Hours 11-25: Build Non-Agentic Apps

  • Build a web app with Claude Code (Project 2)
  • Build a mobile app with Cursor + Expo (Project 3)
  • Deploy both to production

Hours 26-40: First LLM Integrations

  • Build your ChatGPT wrapper (Project 4)
  • Build the RAG document Q&A (Project 5)
  • Understand how retrieval transforms what's possible

Hours 41-55: Understand Agent Fundamentals

  • Build the ReAct loop from scratch (Project 6)
  • Build an MCP server (Project 7)
  • Internalize the trigger/loop/tools framework

Hours 56-80: Build Real Agents

  • Build the calendar/email agent (Project 8)
  • Build a proactive agent with triggers (Project 9)
  • Handle the complexity of real-world integrations

Hours 81-100: Production Readiness

  • Add observability to one of your agents (Project 10)
  • Deploy it publicly
  • Document your learnings and next steps

That's about 2-3 hours per day for five weeks, or a focused month if you can dedicate more time.
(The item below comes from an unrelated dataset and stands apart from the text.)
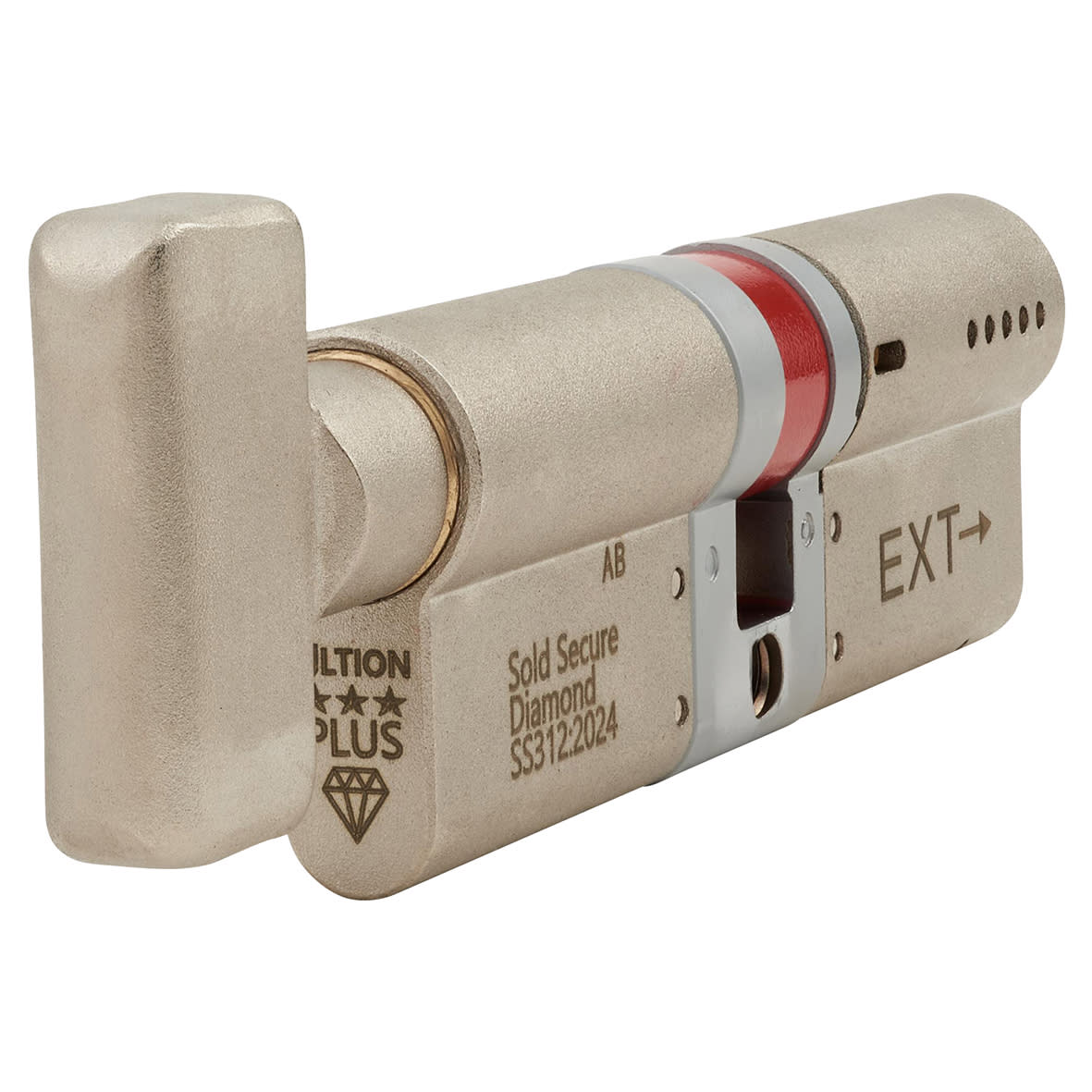 ALPS 3 Star PLUS Euro Thumbturn Cylinder - 50mm Turn + 50mm - Satin Nickel/Brass - Keyed to Differ - view 2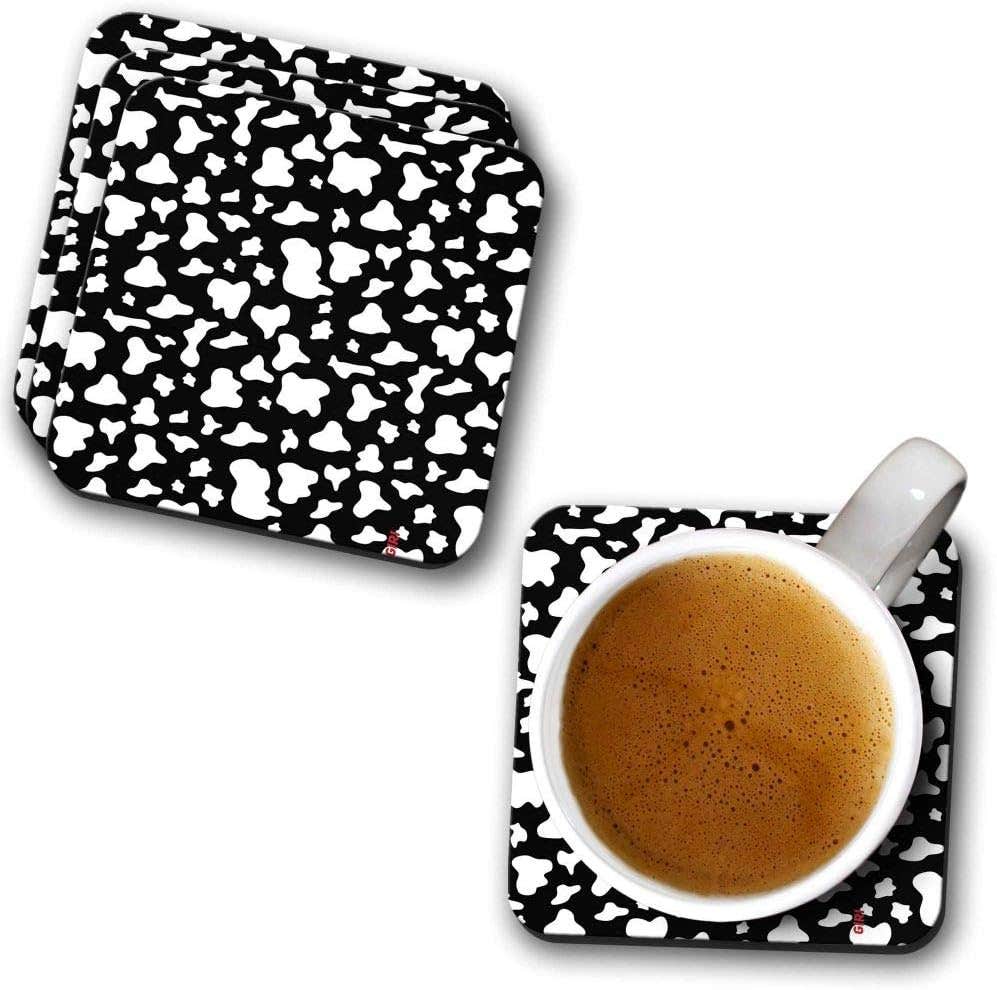 YuBingo Black and White Pattern Designer Printed Coasters (MDF Wooden, Set of 6, 9.5x9.5 Cm, Square)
What Separates Good From Great

The engineers who excel at agent development share these traits:

They think in systems, not prompts

Prompt engineering matters, but system design matters more. Where does context come from? How do tools interact? What happens when things fail?

They test obsessively

Great agent engineers build evaluation suites before they build features. They know exactly how their agent performs across hundreds of test cases.

They understand the cost/quality tradeoff

Every agent decision has a cost. More context = better answers = more tokens = more money. Great engineers find the sweet spot.

They design for failure

Agents will hallucinate, call wrong tools, get stuck in loops, and produce garbage. Great engineers anticipate these failures and handle them gracefully.

They iterate rapidly

The first version of any agent is terrible. The tenth version is usually good. Great engineers move through iterations quickly instead of trying to get it perfect the first time.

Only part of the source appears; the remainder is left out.